Peach Street Distillers, a company based in Palisade, has just released the first bourbon -- legal, that is -- ever made in Colorado.

Peach Street already makes Goat Vodka and Jackelope Gin, and its Peach Street Distillers’ Straight Bourbon Whiskey had been aging in oak barrels for two years, waiting for the right time to be bottled and sold.

Which was last Friday. “I’ve been dropping by every week for what seems like an eternity, but they say the finest things are worth waiting for,” said Grand Junction resident Josh Williams, who got one of the 200 bottles available.

Each 750 ml. bottle is hand-numbered by Davy Lindig, head distiller, and proofed at 46 percent alcohol by volume, or 92 proof, according to Lindig's specifications.
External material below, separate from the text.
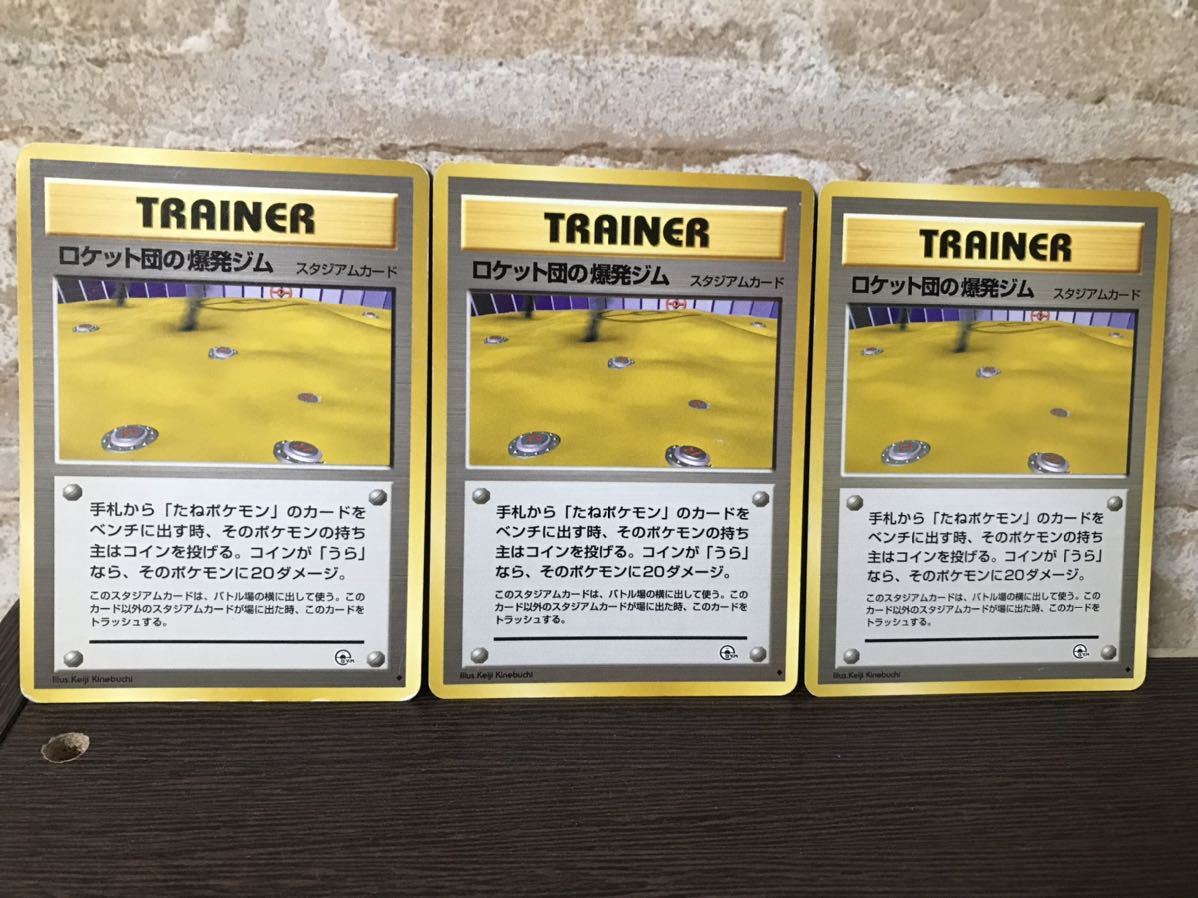 ヤフオク! - 旧裏 ロケット団の爆発ジム スタジアムカード ポケモン 旧...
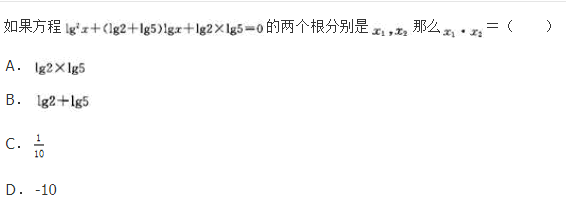 文科数学,章节练习,文科数学模拟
Although most bourbons are made in Kentucky, the only real requirement is that it be made from at least 51 percent corn (Peach Street uses Olathe sweet corn), aged for not less than two years in American oak barrels, and not supplemented in any way during bottling.
Given that there are 200 bottles total and they're almost 5 hours drive from Denver, I don't expect a taste any time soon.

craigthom
09-09-2008, 07:27
Peach Street already makes Goat Vodka and Jackelope Gin, and its Peach Street Distillers’ Straight Bourbon Whiskey had been aging in oak barrels for two years, waiting for the right time to be bottled and sold.


The "right time" was apparently the two year mark, the earliest it could be called "Straight Bourbon Whiskey".

barturtle
09-09-2008, 07:35
The "right time" was apparently the two year mark, the earliest it could be called "Straight Bourbon Whiskey".